27 Apr 2016 / 05:39 H.

    PETALING JAYA: The total size of contingent liabilities associated with 1Malaysia Development Bhd (1MDB)’s recent default that the government balance sheet is exposed to is estimated at 2.5% of gross domestic product (GDP), according to Moody’s Ratings Services.
    Its vice-president and senior research analyst Christian de Guzman said the troubled Malaysian state fund which was in default after missing the deadline to make its bond repayment Monday has raised the risk on the contingent liabilities which the government balance sheet is exposed to.
    The international ratings agency did not change its outlook on Malaysia. Back in January, Moody’s downgraded Malaysia’s sovereign credit rating outlook from positive to stable at A3.
    Yesterday, 1MDB released a statement confirming that it defaulted on a US$1.75 billion (RM6.83 billion) bond issue, triggering cross defaults on two other Islamic notes totalling RM7.4 billion. The default has prompted a call on a guarantee by the International Petroleum Investment Company (IPIC).
    “However, the cross default triggered on instruments guaranteed by the government of Malaysia, as well as an indemnity associated with the IPIC guarantee, raises the risks of the crystallisation of contingent liabilities on the balance sheet of the government of Malaysia,” de Guzman told SunBiz via email.
    Moody’s noted that 1MDB’s total debt, according to latest publicly available data, which date back to 2014 was around RM42 billion, less than 4% of GDP.
    However, de Guzman said, the figure does not incorporate the progress made by 1MDB over the past year in paring its debt through various asset sales.
    “As such, we assume that 1MDB’s total current liabilities to be much smaller,” he said.

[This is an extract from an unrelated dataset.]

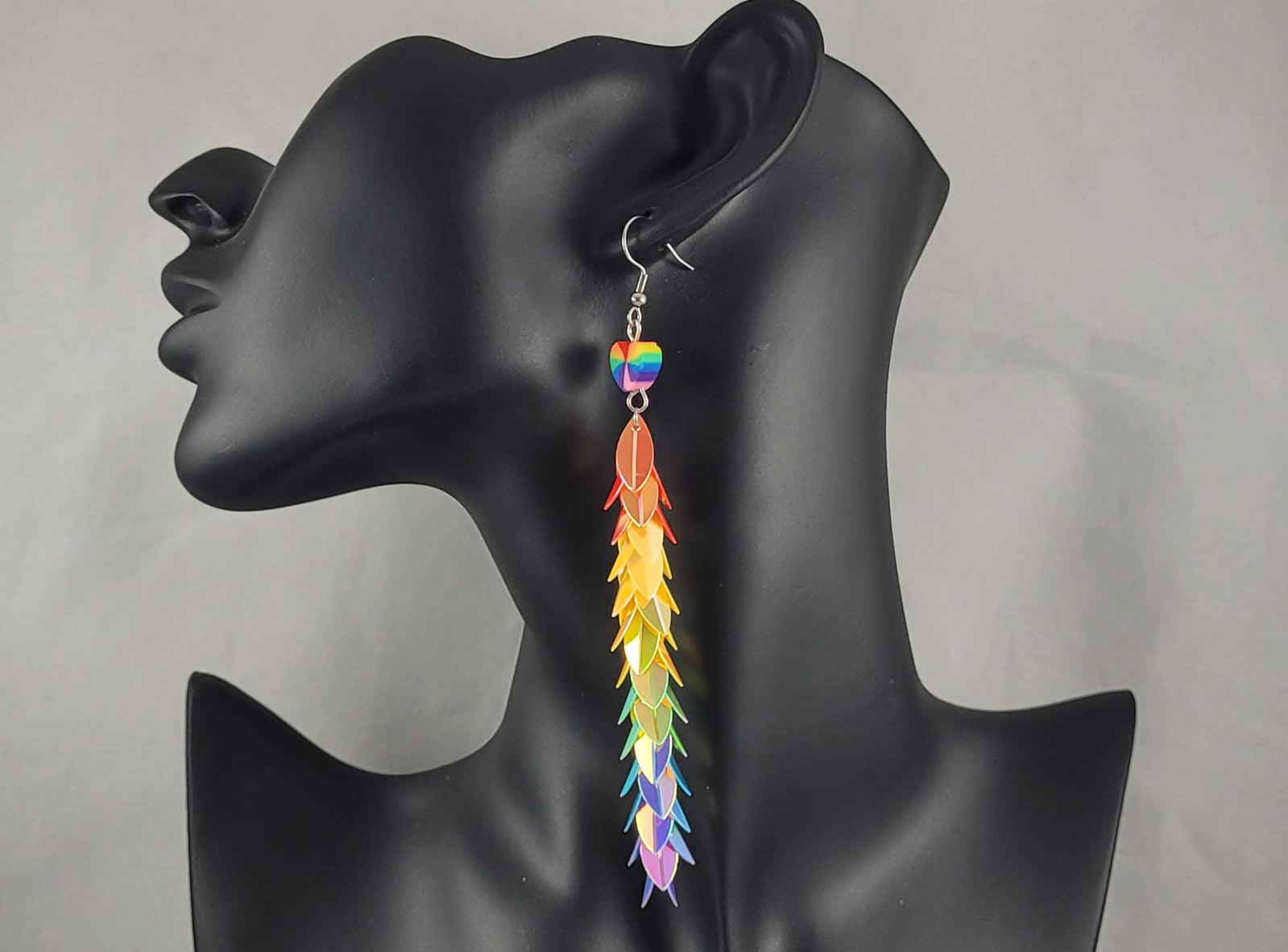 Regenboog hart holografische oorbellen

    However, de Guzman pointed out the contingent risks associated with 1MDB’s non-guaranteed liabilities may be as high or even higher than the government’s actual explicitly guaranteed exposures.
    “Moreover, the inability to rein in these off-budget risks stand in contrast to the on-budget improvements to the government’s fiscal position,” he said.
    Meanwhile, Standard & Poor’s Ratings Services (S&P) does not expect 1MDB’s default to have an impact on the country’s sovereign ratings.
    “We don’t see an impact on Malaysia’s sovereign ratings for now. The default on the interest payment may trigger an acceleration event on the other bonds of 1MDB,” its Malaysian sovereign analyst Yee Farn Phua said.
    “On those bonds that carry a guarantee from the government or the 2023 bond with letter of support, we expect the government to make good on those obligations should 1MDB fail to pay,” he said.
    The local bourse and the ringgit took a hit yesterday, with the announcement of 1MDB’s default.
    The FTSE Kuala Lumpur Composite Index (KLCI) fell 0.58% in just 55 minutes after the opening bell. Heavy selling pulled the Malaysian stock benchmark below the critical 1,700-point level after the lunch break. The KLCI closed at 1,92.50, down 1.28% or 22.01 – its biggest loss in nearly a month.
    The ringgit meanwhile, declined for a fourth day, falling 0.55 % to 3.9290 per dollar – its biggest slide in a month.
    The Finance Ministry did not respond to a request for comment.